[EXERCISE DATA Boundary: Start]

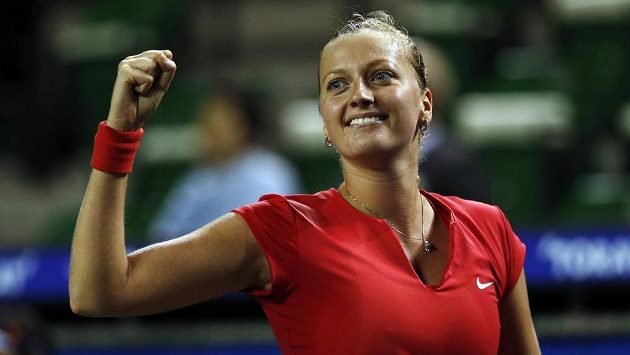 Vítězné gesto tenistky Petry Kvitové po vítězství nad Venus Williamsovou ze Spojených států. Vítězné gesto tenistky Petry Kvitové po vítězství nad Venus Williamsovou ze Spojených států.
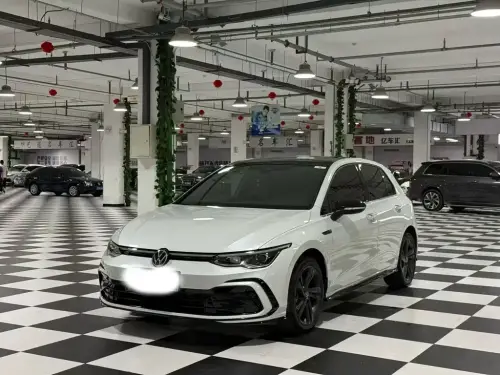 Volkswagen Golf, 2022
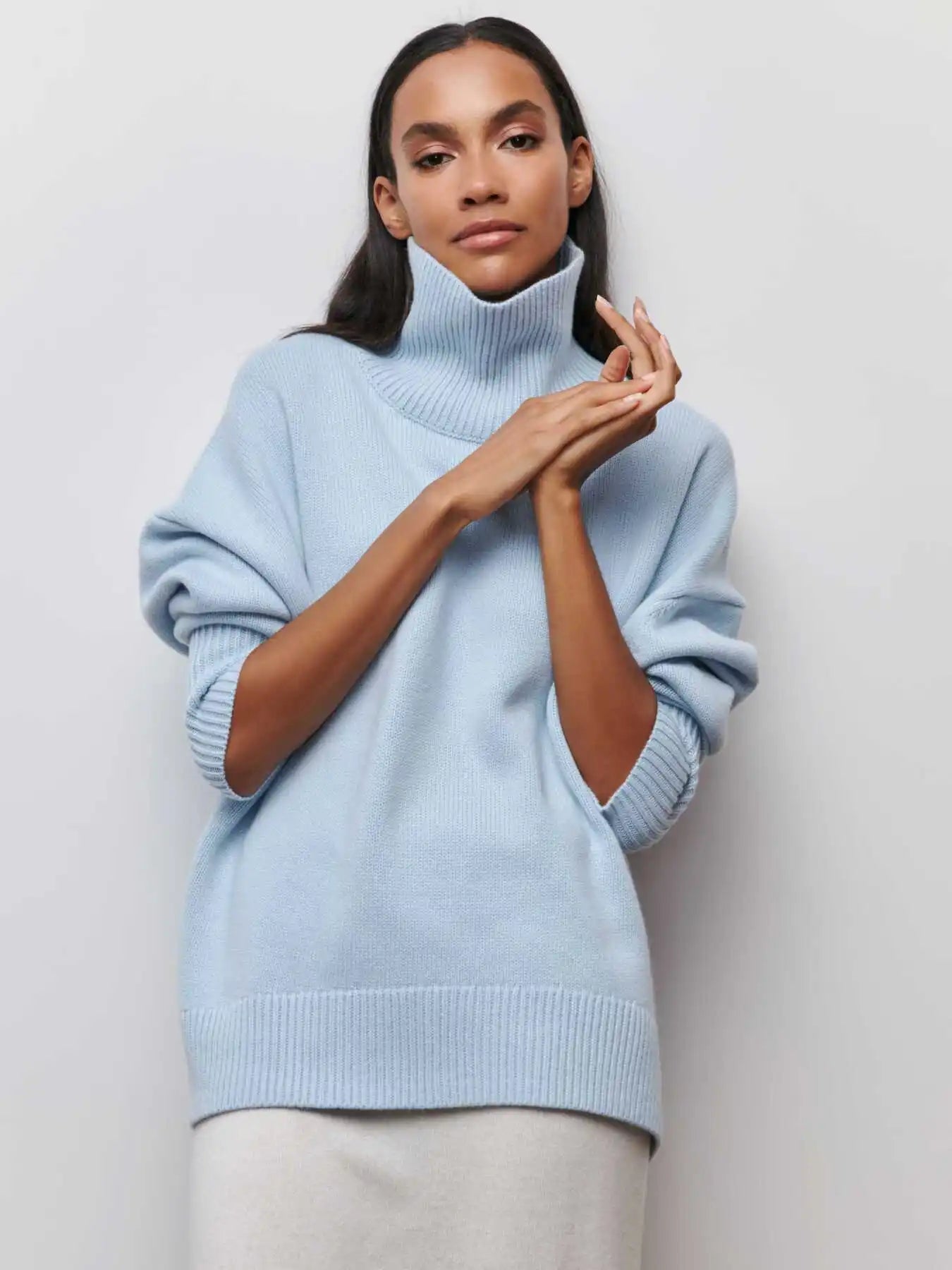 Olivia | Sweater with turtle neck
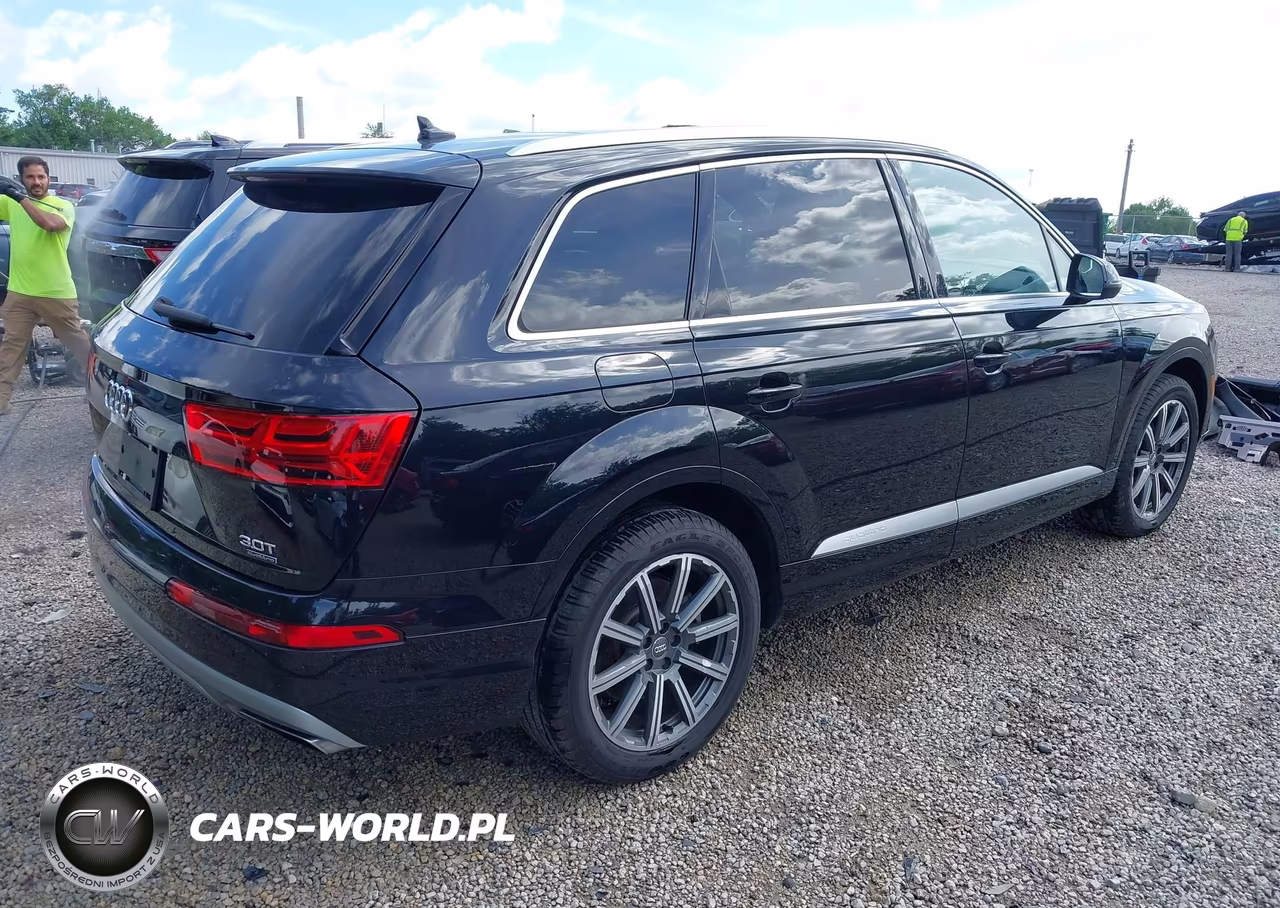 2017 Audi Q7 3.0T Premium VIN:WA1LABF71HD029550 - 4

[EXERCISE DATA Boundary: End]

(WHAT TO PRODUCE): An exact copy of the listing above is to be set down, with no pictures in it.

(TASK RESPONSE):
 Vítězné gesto tenistky Petry Kvitové po vítězství nad Venus Williamsovou ze Spojených států. Vítězné gesto tenistky Petry Kvitové po vítězství nad Venus Williamsovou ze Spojených států.
 Volkswagen Golf, 2022
 Olivia | Sweater with turtle neck
 2017 Audi Q7 3.0T Premium VIN:WA1LABF71HD029550 - 4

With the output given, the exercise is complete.